Sebenarnya, masalah keikutsertaan kaum Muslim dalam aktivitas pemilu dan parlemen sudah jelas hukumnya; yakni hukum asalnya mubah selama di dalamnya tidak ada syarat-syarat yang melanggar aqidah dan syari’at Islam. Selama syarat-syarat pemilu dan keikutsertaan kaum Muslim di dalam parlemen tidak melanggar aqidah dan syari’at Islam, maka seorang Muslim diperkenankan ikut serta di dalamnya. Namun, jika syarat-syaratnya jelas-jelas melanggar syari’at, maka seorang Muslim dilarang berkecimpung di dalamnya. Untuk itu, kita tinggal melihat syarat-syarat yang ada di dalamnya; apakah ada yang bertentangan dengan syari’at atau tidak. Jika ada maka kita tidak boleh melanggarnya.
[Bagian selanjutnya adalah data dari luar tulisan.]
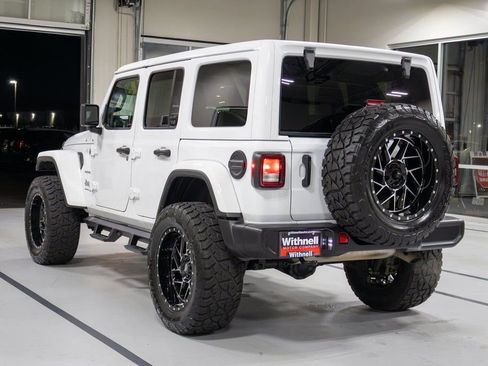 Used 2023 Jeep Wrangler Sahara image 9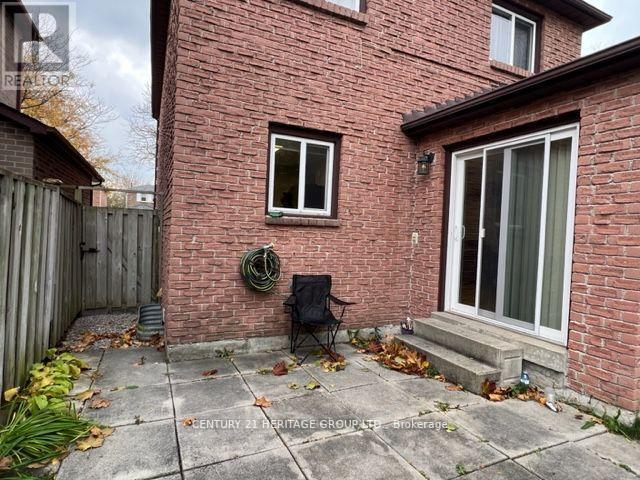 63 BARRETT CRES
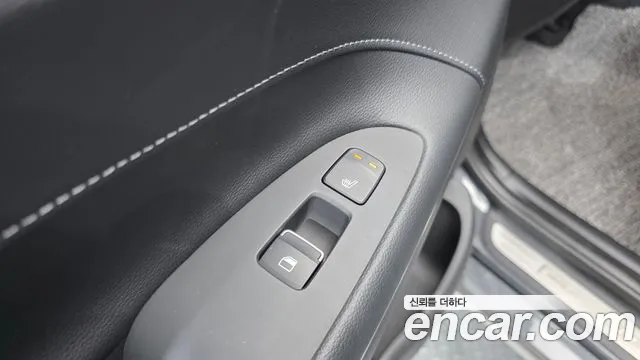 Hyundai Grandeur 2018 thumb 8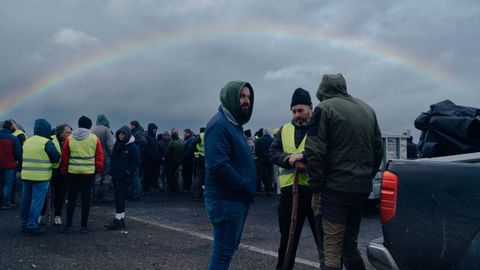 Manifestaci�n de ganaderos y agricultores con tractores en la autov�a A-52 en A Limia.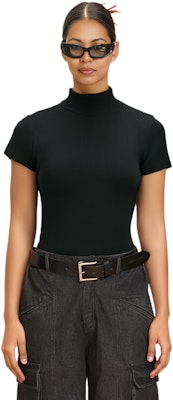 (W) PLEATS PLEASE Issey Miyake 素色短袖褶皺T恤 黑色 女款 SS22 PP55FK105-15 Lookbook (W) PLEATS PLEASE Issey Miyake 素色短袖褶皺T恤 黑色 女款 SS22 PP55FK105-15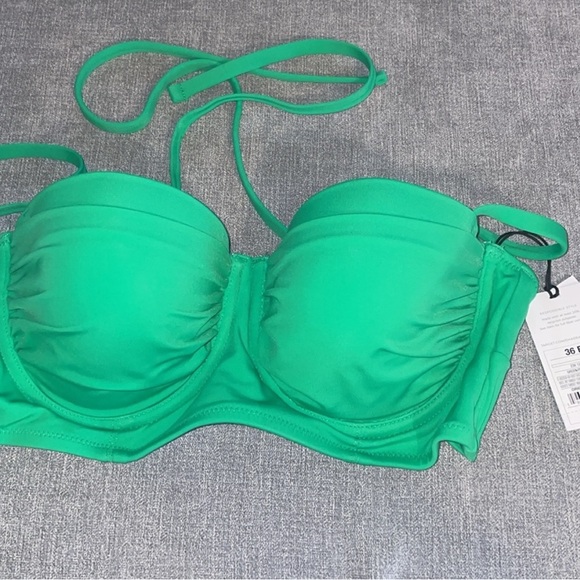 Shade & Shore Women's Light Lift Shirred Cup Bikini Top - Picture 4 of 4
Sesungguhnya, haramnya memberikan loyalitas kepada sistem kufur merupakan perkara pasti yang tidak boleh diperselisihkan oleh kaum Muslim. Nash-nash qath’i telah melarang kaum Muslim memberikan loyalitasnya kepada kaum kafir, maupun paham dan sistem-sistem kufur mereka. Sesungguhnya, seorang Muslim yang memberikan loyalitas dan menyakini nasionalisme, sekulerisme, kapitalisme, dan demokrasi (dalam pengertian hakiki) jelas-jelas telah keluar dari Islam (murtad). Pasalnya, paham nasionalisme, sekulerisme, kapitalisme, dan demokrasi adalah paham kufur yang bertentangan dengan Islam. Sedangkan hukum menerapkan dan menjalankan sistem-sistem yang lahir dari paham tersebut adalah haram. Adapun kecintaan seorang Muslim terhadap bangsa, negara, dan kampung halamannya, bukanlah sesuatu yang diharamkan di dalam Islam; dan juga tidak termasuk ‘ashabiyyah yang dilarang. Ini didasarkan sebuah riwayat bahwasanya ada seorang laki-laki bertanya: “Ya Rasulullah! Adakah daripada ‘ashabiyyah seseorang cinta akan kaumnya?” Sabda Beliau, “Tidak! Tetapi setengah daripada ‘ashabiyyah adalah seseorang menolong kaumnya atas kedzaliman.” [HR. Ahmad dan Ibn Majah]. Dari Watsilah bin Asqa’, ia berkata, Saya bertanya kepada Rasulullah Saw, “Apa yang dikatakan ‘ashabiyyah?” Sabdanya, “Bahwa engkau menolong kaummu dalam kedzaliman.” [HR. Abu Dawud]. Namun, memberikan loyalitas kepada penguasa yang menerapkan hukum kufur, beserta keyakinan dan sistem kufurnya jelas-jelas tindakan haram, bahkan bisa menyebabkan seseorang keluar dari Islam.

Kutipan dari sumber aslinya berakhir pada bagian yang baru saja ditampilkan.